A veces, el pasado es un país próximo. La otra tarde visité la exposición «¿25 años de paz?», que hasta el próximo mes de octubre puede contemplarse en el MuVIM (Museo Valenciano de la Ilustración y de la Modernidad). La exposición, como deja explícito su subtítulo, muestra «el lavado de imagen del franquismo en 1964», año en que se cumplía un cuarto de siglo del final de la Guerra Civil. En aquellos días, uno aún no había cumplido aún los ocho años. Pero la campaña publicitaria impulsada por el Propaganda Staffel, el entonces ministro de Información y Turismo Manuel Fraga Iribarne, se hizo tan omnipresente que fue capaz de impregnar para siempre la memoria de muchos niños. Tal vez por eso, lejos de sorprenderme, toda la muestra me resultó extrañamente familiar.

La exposición, comisariada por el director del museo, Rafael Company, contextualiza bien aquella súper campaña de propaganda política, en unos años en los que el plan de estabilización de 1959 empieza a dar sus frutos, la emigración y el turismo posibilitan la entrada de divisas y las clases medias se suben al Seat 600. Menos conseguido me parece el final de la muestra, que de manera un tanto precipitada gráfica y conceptualmente, prolonga el relato hasta la larga agonía y muerte del dictador.

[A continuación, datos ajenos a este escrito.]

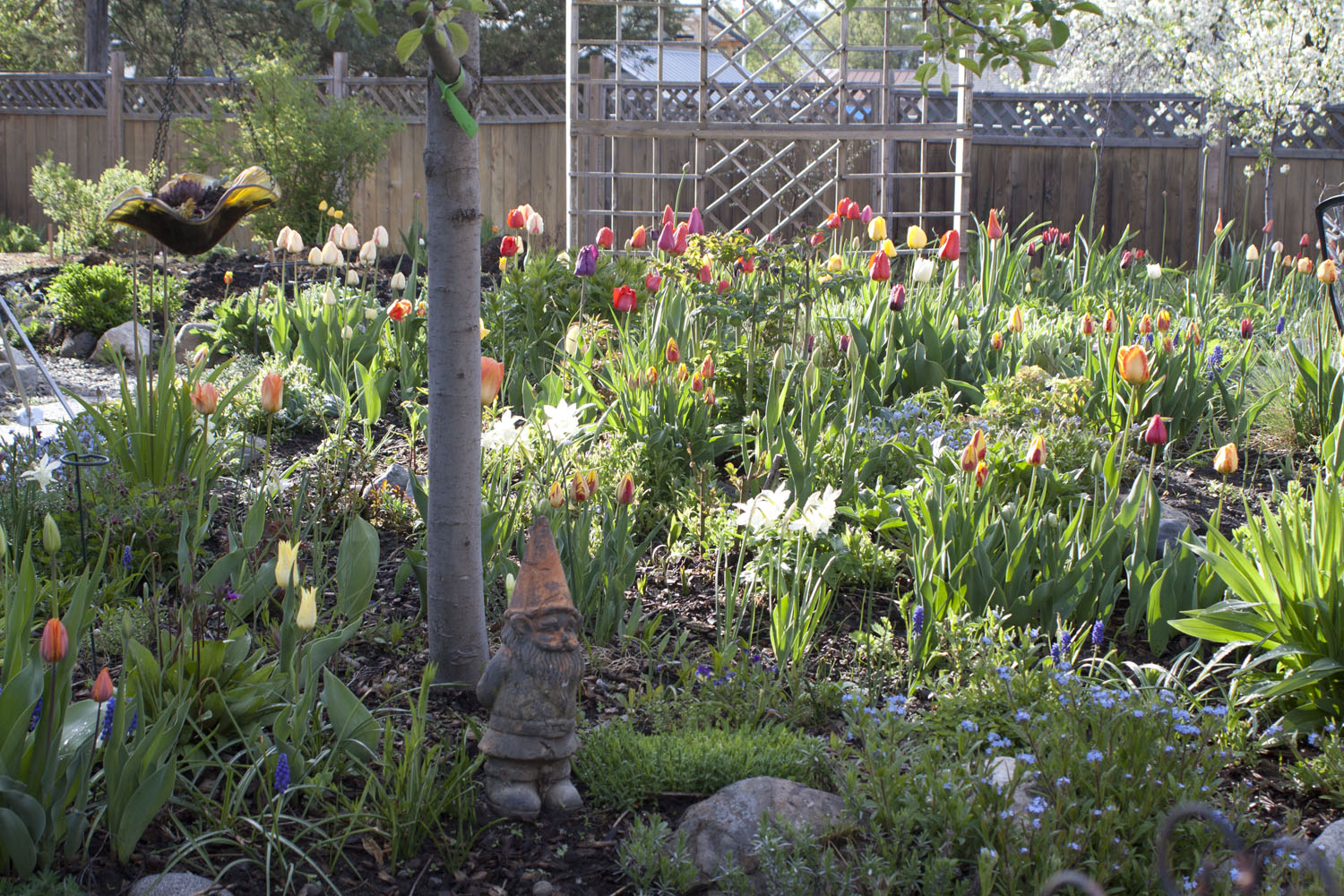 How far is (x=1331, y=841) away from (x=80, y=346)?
6.95 metres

Pero más allá del propio contenido de la exposición, lo que más me llamó la atención fue el enorme interés con el que un grupo de estudiantes de bachillerato miraba los paneles y atendía las explicaciones de la guía que les comentaba la visita. Porque, en efecto, la exposición es especialmente interesante para todos aquellos que han tenido la suerte de no vivir esos años de penitencia, esos tiempos de infamia.

Para la inmensa mayoría, hoy la palabra top remite a una prenda de vestir femenina. Lo cual está muy bien. Pero tampoco estaría de más que la gente supiera que el TOP era el Tribunal de Orden Público, que en la segunda mitad del franquismo juzgaba los delitos políticos. Aunque solo fuera por eso, valdría la pena que este país tuviera un museo de la lucha por la democracia, con una colección permanente, fruto del asesoramiento de historiadores de prestigio, que explicara aquella época de ignominia.

Mientras tanto, no sé a qué esperan las autoridades municipales para eliminar ese abominable mamotreto que, en lo que hoy se llama plaza de la Porta de la Mar, se levantó en 1946 para mayor gloria de Francisco Franco Bahamonde, como reza la inscripción que aún debe figurar debajo de la losa de mármol con la que se disimuló en 1980. Y es que, aunque el franquismo parezca un país lejano, hay algunos pasados que no acaban de pasar.